Coherent Acoustics by JBA solves noise abatement problems of dockside location
The Hilton Bayfront Hotel is a 30-story luxury property on this California port city’s busy waterfront. JBA Trusted Advisors™ did nearly all the engineering work for the property, designing its mechanical, electrical, acoustical, plumbing, telecommunications, audiovisual, security and surveillance systems. Among their challenges: making sure noise from a nearby container processing facility would not disturb guests.
- The hotel’s location is ideal, close to the San Diego Convention Center, PETCO Park and the downtown Gaslamp Quarter
- The property features 1,190 guest rooms, 30 luxury suites, a 5,500 square foot waterfront bar, a 2,000 square foot Executive’s Lounge, a 6,500 square foot restaurant, a heated saltwater swimming pool, whirlpool and health club.
- All internal systems follow the Hilton’s exacting standards to optimize the comfort and convenience of guests.
challenge
Any number of seemingly minor problems can turn into major headaches in a multi-million dollar construction project. Someone needs to make sure that each is addressed before that can happen.
At the Hilton San Diego Bayfront Hotel, the biggest worries had to do with the noise from its dockside location.
- The owners worried about noise from the ships, cranes and refrigerated tractor-trailers operating close to the property. Could JBA acoustical engineering prevent them from disturbing the guests?
- Rooftop cooling towers for the air conditioning system were also a potential issue for guestrooms and meeting rooms on the upper floors.
- The property includes a large convention center with a 16-way divisible ballroom.
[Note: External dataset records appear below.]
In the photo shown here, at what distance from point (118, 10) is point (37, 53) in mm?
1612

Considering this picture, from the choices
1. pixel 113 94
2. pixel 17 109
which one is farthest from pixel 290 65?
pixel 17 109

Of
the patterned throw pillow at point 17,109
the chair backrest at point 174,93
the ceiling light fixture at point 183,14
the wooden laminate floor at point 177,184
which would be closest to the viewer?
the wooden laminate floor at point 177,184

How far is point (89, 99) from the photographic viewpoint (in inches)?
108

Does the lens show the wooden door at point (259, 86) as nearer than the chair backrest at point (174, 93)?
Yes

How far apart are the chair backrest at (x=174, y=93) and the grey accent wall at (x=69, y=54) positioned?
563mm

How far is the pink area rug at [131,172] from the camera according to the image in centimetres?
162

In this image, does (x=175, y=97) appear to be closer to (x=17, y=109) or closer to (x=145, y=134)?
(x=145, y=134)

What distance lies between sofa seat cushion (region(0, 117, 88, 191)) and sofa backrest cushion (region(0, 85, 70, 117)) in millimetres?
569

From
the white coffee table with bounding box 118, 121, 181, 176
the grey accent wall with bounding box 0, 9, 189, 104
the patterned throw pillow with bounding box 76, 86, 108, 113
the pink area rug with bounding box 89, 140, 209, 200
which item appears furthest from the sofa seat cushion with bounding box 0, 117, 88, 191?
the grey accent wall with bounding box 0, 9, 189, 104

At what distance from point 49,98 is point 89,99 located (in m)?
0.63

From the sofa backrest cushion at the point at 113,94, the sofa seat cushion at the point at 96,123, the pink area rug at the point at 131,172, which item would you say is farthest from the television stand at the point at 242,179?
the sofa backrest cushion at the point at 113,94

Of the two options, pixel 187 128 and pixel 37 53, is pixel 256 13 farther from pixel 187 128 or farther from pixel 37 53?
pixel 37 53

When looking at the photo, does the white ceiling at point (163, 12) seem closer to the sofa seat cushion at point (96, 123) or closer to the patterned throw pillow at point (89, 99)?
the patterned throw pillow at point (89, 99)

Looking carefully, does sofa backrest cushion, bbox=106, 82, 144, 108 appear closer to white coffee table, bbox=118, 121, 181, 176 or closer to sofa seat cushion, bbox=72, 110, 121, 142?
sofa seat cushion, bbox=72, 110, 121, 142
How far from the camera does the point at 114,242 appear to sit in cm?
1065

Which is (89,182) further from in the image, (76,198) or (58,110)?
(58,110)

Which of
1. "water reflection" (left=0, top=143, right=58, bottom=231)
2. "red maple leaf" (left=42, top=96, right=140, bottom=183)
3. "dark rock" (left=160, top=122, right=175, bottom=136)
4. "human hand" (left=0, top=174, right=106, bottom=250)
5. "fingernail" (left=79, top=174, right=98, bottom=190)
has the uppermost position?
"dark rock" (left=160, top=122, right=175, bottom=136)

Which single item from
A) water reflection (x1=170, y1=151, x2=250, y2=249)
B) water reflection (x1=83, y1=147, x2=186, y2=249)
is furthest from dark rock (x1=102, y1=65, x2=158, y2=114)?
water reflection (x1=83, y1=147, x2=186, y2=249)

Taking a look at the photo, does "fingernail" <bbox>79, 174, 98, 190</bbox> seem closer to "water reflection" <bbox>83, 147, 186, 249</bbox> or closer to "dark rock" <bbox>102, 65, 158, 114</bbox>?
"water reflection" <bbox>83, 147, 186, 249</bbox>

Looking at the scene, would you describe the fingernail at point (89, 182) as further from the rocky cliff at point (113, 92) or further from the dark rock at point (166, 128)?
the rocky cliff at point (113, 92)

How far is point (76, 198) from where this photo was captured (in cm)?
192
The owners were concerned that airwalls adequately shield noise from one meeting to the next, and that all of the meeting rooms offer high-end sound.
the solutions
Michael Schwob, Director of Acoustical Engineering, traveled to San Diego and measured the actual sound levels at the site. He and his Coherent Acoustics team then built a computer model of the noise level at each floor. They also modeled noise levels from the cooling towers and within the meeting center.
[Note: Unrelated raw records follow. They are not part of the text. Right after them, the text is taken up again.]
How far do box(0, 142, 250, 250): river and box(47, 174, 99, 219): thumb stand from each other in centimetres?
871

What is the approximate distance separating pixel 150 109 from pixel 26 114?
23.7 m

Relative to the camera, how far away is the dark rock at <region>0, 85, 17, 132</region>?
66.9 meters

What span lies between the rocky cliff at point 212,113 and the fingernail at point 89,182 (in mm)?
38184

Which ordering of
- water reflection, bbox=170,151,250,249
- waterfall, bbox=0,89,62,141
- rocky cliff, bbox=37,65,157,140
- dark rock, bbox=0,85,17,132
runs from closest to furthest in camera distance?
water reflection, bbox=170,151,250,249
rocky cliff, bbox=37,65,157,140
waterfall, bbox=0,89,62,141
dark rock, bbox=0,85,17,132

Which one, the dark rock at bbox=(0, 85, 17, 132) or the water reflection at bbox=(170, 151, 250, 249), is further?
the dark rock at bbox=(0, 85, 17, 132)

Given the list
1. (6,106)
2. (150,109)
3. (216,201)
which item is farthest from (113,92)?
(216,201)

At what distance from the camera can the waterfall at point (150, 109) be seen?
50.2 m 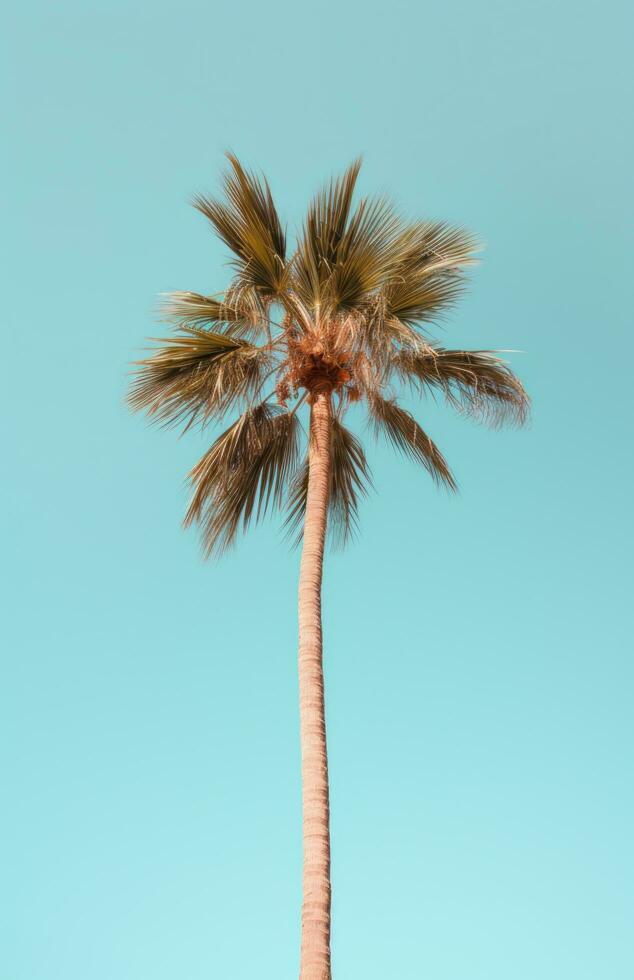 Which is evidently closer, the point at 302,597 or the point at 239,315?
the point at 302,597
- The shipyard noise was relatively easy to solve: the team recommended windows that would provide enough sound isolation to satisfy Hilton standards. No other modifications to the building envelope were required.
- They spent considerably more time ensuring that partition walls within the ballroom and other divisible rooms would provide minimal opportunities for sound to travel. “We paid special attention to penetrations of the headwall above the operable partition, the partition track, and the mating surfaces to fixed partitions,” Schwob explains. The noise abatement effort involved a great deal of coordination with other engineers who, in this case, were all at JBA.
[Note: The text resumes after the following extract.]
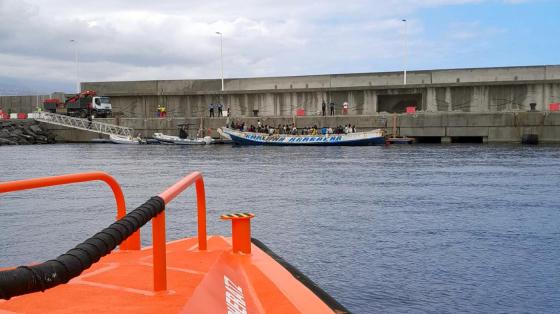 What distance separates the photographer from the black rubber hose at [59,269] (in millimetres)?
1934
- The acoustical engineering team also designed a vibration isolation system to support the cooling towers and prevent vibration from entering the structure of the meeting rooms.
“In essence, we have the same objective for a hotel as an opera house,” Schwob explains. “We design it to sound the way the guest expects it to sound.”
The meticulous work by JBA engineers has paid off: The hotel, open since 2008, has consistently received the highest ratings, including 4 Diamonds from AAA and a 4-star average rating from guest reviews on TripAdvisor.